Circulating Immune Complexes and Glucose-6-Phosphate Dehydrogenase Deficiency Predict Recurrent Blackwater Fever in Ugandan Children With Severe Malaria

Background Recently, there has been an unexplained increase in the incidence of blackwater fever (BWF) in Eastern Uganda. In this study, we evaluated the association between immune complexes, glucose-6-phosphate dehydrogenase (G6PD) deficiency, and the occurrence and recurrence of BWF in children with severe malaria (SM). Methods Between 2014 and 2017, children aged 6 months to <4 years hospitalized with SM and community children (CC) were recruited at 2 hospitals in Central and Eastern Uganda. We measured serum circulating immune complexes (cIC) and their relationship to SM complications and postdischarge outcomes, and evaluated effect mediation through G6PD deficiency. Results In total, 557 children with SM and 101 CC were enrolled. The mean age was 2.1 years. Children with SM had higher cIC levels than CC (P <. 001). After controlling for age, sex, and site, cIC were associated with severe anemia, jaundice, and BWF: adjusted odds ratio (aOR), 7.33 (95% confidence interval [CI], 3.45-15.58), P <. 0001; aOR, 4.31 (95% CI, 1.68-11.08), P =. 002; and aOR, 5.21 (95% CI, 2.06-13.18), P <. 0001, respectively. cIC predicted readmissions for SM, severe anemia, and BWF: adjusted incidence rate ratios (aIRR), 2.11 (95% CI, 1.33-3.34), P =. 001; aIRR, 8.62 (95% CI, 2.80-26.59), P <. 0001; and aIRR, 7.66 (95% CI, 2.62-22.45), P <. 0001, respectively.
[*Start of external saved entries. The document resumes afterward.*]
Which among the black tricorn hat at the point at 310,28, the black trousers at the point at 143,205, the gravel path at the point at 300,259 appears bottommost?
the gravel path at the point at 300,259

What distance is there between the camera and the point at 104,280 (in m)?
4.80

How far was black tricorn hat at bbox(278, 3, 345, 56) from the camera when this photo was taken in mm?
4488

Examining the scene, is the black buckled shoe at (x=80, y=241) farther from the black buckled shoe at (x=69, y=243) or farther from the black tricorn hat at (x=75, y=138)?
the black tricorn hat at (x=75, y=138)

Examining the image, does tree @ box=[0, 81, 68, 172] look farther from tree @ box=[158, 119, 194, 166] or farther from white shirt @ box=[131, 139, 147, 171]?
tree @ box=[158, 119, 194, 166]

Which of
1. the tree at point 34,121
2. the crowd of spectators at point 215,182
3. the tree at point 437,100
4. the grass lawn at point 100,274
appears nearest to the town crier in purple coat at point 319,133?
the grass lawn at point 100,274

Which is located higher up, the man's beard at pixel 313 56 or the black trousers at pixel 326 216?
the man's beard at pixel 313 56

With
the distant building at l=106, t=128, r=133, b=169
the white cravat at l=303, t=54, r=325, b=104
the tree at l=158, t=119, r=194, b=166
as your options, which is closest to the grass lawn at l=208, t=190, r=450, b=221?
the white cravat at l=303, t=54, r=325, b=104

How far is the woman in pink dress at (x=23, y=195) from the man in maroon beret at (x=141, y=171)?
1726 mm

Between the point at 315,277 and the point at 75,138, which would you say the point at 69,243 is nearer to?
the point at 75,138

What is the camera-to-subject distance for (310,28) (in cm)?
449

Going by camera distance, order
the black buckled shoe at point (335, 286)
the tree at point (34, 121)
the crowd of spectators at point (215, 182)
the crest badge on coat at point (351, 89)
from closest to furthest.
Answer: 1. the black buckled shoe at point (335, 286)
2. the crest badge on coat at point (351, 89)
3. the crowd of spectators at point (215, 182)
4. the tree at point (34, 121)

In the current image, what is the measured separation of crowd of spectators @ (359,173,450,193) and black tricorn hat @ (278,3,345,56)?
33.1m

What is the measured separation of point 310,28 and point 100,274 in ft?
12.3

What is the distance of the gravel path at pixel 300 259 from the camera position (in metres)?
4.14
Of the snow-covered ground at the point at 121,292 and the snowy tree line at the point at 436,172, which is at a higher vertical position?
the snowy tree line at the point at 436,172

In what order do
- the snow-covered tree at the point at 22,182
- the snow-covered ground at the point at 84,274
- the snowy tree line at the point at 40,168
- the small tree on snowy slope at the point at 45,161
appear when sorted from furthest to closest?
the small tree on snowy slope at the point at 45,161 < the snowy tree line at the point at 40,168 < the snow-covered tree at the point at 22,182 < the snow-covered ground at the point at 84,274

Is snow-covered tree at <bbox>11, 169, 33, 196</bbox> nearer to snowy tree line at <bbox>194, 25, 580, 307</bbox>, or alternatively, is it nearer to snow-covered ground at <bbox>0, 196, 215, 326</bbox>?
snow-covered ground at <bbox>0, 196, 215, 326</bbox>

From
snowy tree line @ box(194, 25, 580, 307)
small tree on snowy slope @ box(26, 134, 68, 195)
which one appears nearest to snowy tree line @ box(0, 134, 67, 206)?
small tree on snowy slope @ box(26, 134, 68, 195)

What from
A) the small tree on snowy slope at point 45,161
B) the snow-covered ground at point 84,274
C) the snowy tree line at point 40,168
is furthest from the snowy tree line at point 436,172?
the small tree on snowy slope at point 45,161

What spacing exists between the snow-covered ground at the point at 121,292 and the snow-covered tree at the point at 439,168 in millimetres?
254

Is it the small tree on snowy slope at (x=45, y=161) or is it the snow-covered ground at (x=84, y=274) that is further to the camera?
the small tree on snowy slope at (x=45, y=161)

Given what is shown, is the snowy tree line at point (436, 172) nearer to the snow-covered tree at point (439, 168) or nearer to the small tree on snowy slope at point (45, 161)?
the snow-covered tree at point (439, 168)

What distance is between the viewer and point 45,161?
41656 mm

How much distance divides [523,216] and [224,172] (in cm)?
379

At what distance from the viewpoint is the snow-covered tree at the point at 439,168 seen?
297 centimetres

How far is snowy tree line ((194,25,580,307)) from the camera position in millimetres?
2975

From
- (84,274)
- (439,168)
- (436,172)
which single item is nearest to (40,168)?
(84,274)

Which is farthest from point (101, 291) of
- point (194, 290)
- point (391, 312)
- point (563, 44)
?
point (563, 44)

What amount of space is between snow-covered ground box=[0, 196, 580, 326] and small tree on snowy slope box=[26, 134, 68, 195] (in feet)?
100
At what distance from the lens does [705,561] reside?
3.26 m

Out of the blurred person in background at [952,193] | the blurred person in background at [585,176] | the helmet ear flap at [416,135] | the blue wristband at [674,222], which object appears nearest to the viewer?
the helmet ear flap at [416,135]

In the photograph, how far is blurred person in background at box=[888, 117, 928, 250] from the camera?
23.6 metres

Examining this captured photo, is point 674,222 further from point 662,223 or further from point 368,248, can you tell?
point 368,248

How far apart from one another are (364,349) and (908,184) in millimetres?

The relationship was most evident in boys where the frequency of the G6PD African allele (A^-) was 16.8%. G6PD deficiency was associated with increases in cIC in boys (P =. 01) and mediation analysis suggested G6PD deficiency contributes to recurrent severe anemia and BWF via increased cIC. Conclusions Immune complexes are associated with hemolytic complications and predict recurrences in SM survivors.